When my firstborn son Andy arrived in this world 30 years ago, I was full of optimism and determination to protect him from any and every negative influence. I set about in earnest to shield him from the evils of sugar, too much TV, and playing with toy guns. To my dismay, his grandmother introduced him to chocolate and ice cream before his second birthday. He learned all about the Teenage Mutant Ninja Turtles from his friends at Christian preschool. And without ever having held a toy weapon (to my knowledge) at the age of four he would carefully load kitchen utensils into his little boy belt and brandish wooden spoons, spatulas, and ladles as his imaginary weapons of choice.
I was outnumbered. And as all young mothers eventually realize, I came to understand that my attempts to shelter my son and later his younger sister and brother, were pretty puny and insufficient against forces beyond my control.
But there was good news! You see, parenting from a position of fear and hiding from danger isn’t God’s way at all. For God hasn’t given us a spirit of fearfulness, but one of power, love, and sound judgment. (2 Timothy 1:7)
To honor God’s desire for me and my children to live courageously, I needed to make three brave parenting moves:
1) Be brave enough to step back.
I may have mentioned once or twice how much I like helping people. Well, when I became a mother, I felt like I had hit the “helping” jackpot! Here were three small humans who needed me. And I felt like a superhero when I could find solutions that made them stop crying or worrying. Or ways to help them feel secure, safe and happy.
What I didn’t realize was that every time I stepped in to fix something for them, it might make me feel great and them feel better for the moment, but an opportunity was lost for them to gain confidence and grow problem-solving skills of their own.
Learning to do hard things like handling difficult emotions, navigating through uncomfortable situations, or living with unpleasant consequences, comes from experiencing these things in life, not from hearing about them and certainly not by being rescued from them.
So just like I had to be willing to see my kids fall and risk hurting themselves when they learned to walk or ride a bike, I had to be brave enough to step back and allow them to experience some of the pain that comes from the hard things in life. Things like disappointment, loneliness, or being treated unfairly. And guess what? The pain didn’t stop them. They learned from it and grew. They got braver and stronger for the next time. And they began to see God at work in their lives.

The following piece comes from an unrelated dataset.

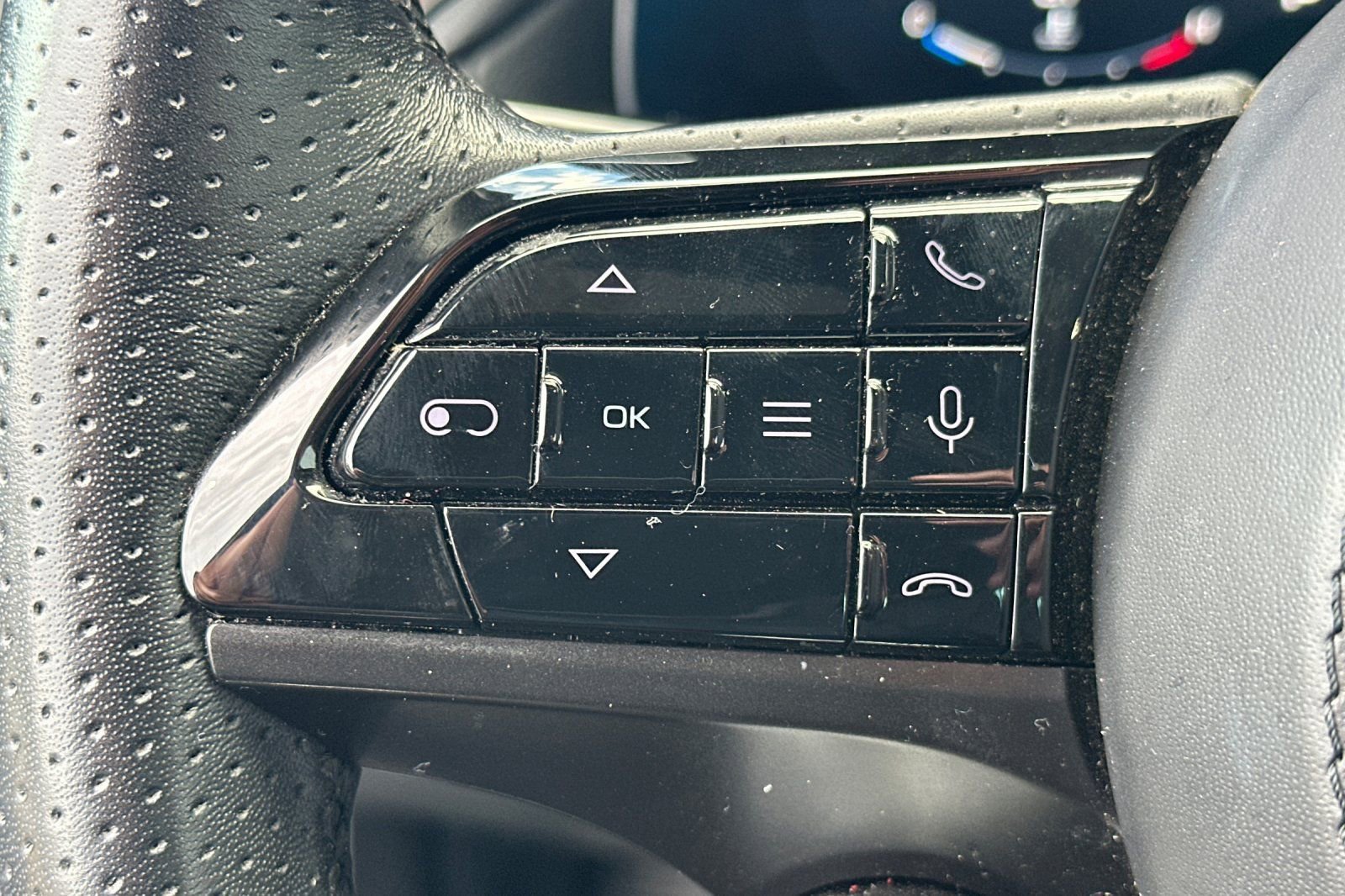 Used 2024 Maserati Grecale GT image 30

2) Be brave enough to lean in.
Leaning in means coming alongside my kids and helping in new ways as they navigate the bumpy parts of life. Not jumping back in to solve something after a short pause spent watching them struggle for a bit. But being willing to stay the course with them, listening, sharing, hearing their concerns, mulling over possibilities. Allowing them as much time as they need to find answers.

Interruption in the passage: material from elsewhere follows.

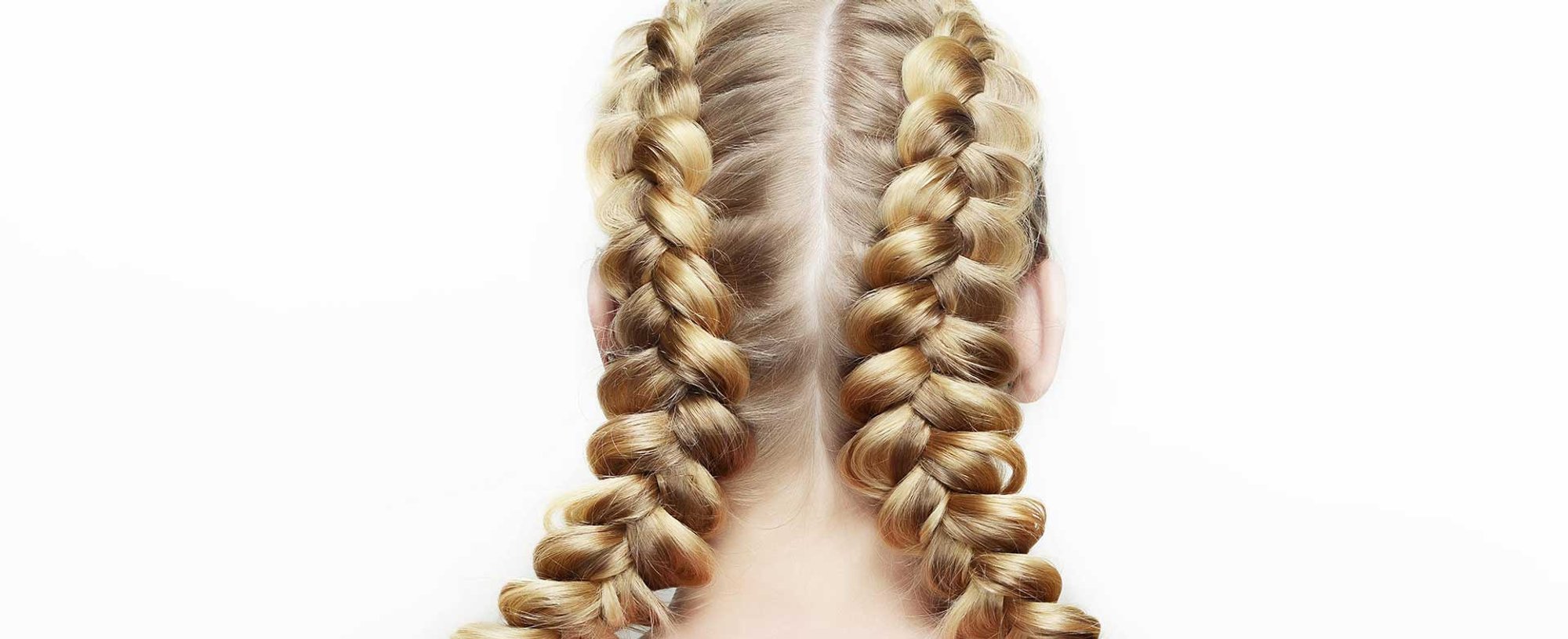 Modelo Loira Com Tranas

It takes courage for me to lean in because I have to let go of my desire to fix things and trust in God’s timing as He guides and directs my kids toward a solution. It means giving up my desire to be in control, while still staying connected and engaged with my kids, so they feel my love and support. For a fixer like me, leaning in without taking over can be H-A-R-D. But the fruit of this brave parenting move is this: my kids know I believe in their God-given abilities, they feel respected and in turn, give respect to others. And they have personal knowledge and experience of what it means to seek God’s guidance and find answers there.
3) Be brave enough to talk about what’s true.

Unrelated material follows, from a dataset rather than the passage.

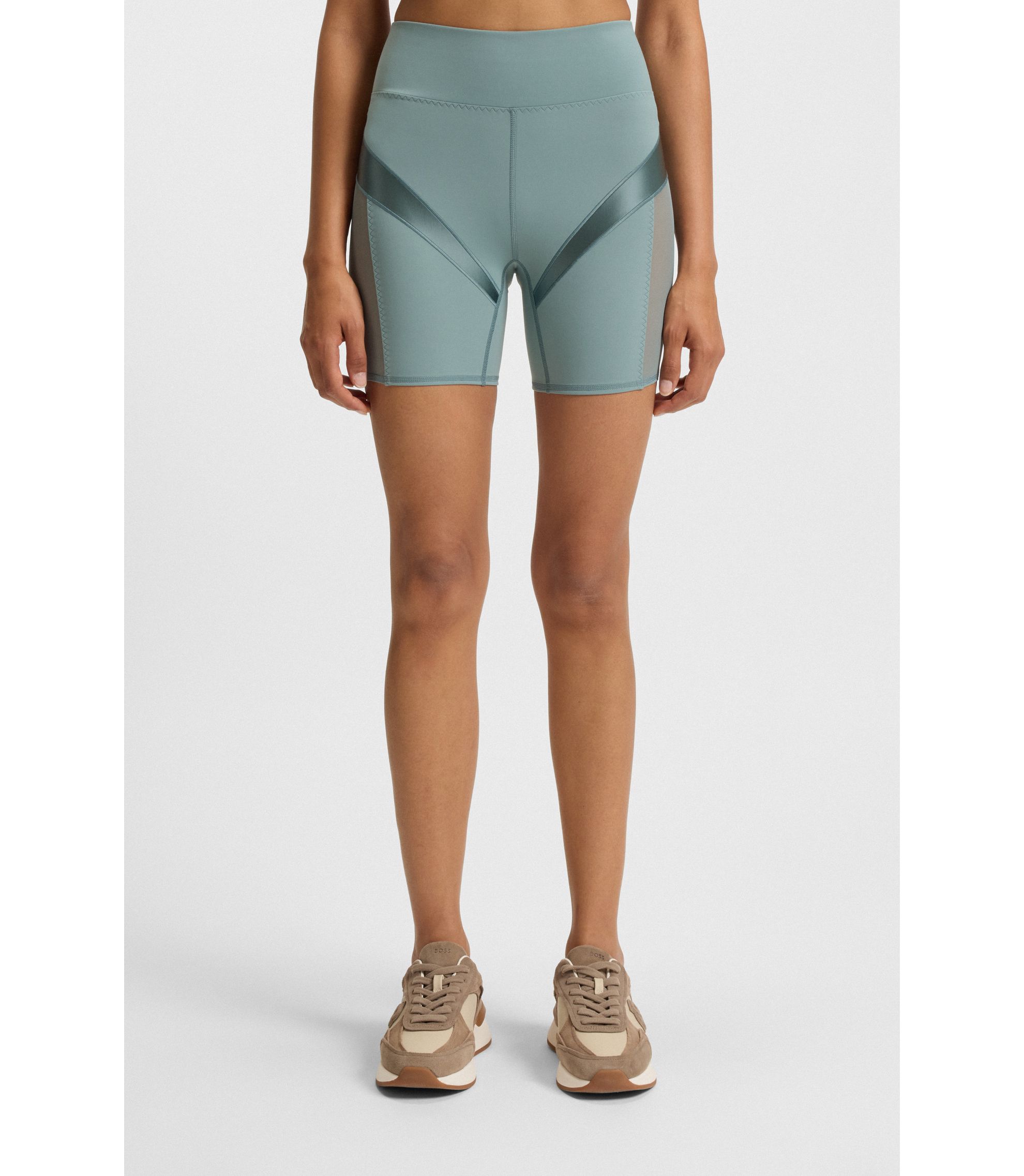 Sportive Cycling-Shorts mit hohem Bund und Mesh-Einsätzen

Stepping back and leaning in have both been helped along by being brave enough to talk truthfully with my kids about the realities of their lives and mine. For years I avoided difficult conversations, fearing my inability to handle unpleasant emotions like hurt, anger, or disappointment. But as we grew together in our ability and confidence to deal with hard things, a wonderful thing happened. We all became better at talking about those hard things, both in our lives and in the world around us. And we’ve learned to come together in humility, offering one another grace, as we continue to seek God for his direction, help, and wisdom.
For me, brave parenting has meant being willing to do three things – step back, lean in, and talk truth. My children are all young adults now, and we are still learning together how to say YES to the invitation of Joshua 1:9:
“Be strong and courageous. Do not be frightened, and do not be dismayed, for the Lord your God is with you wherever you go.”
We will find everything we need to raise our children up to be the leaders God calls them to be when we run to Him for strength and courage. Because of His love for us and our children, we can make the brave parenting moves necessary to raise courageous kids.
What does brave parenting look like in your family? What moves are you making to nurture and grow courage in the hearts of your children?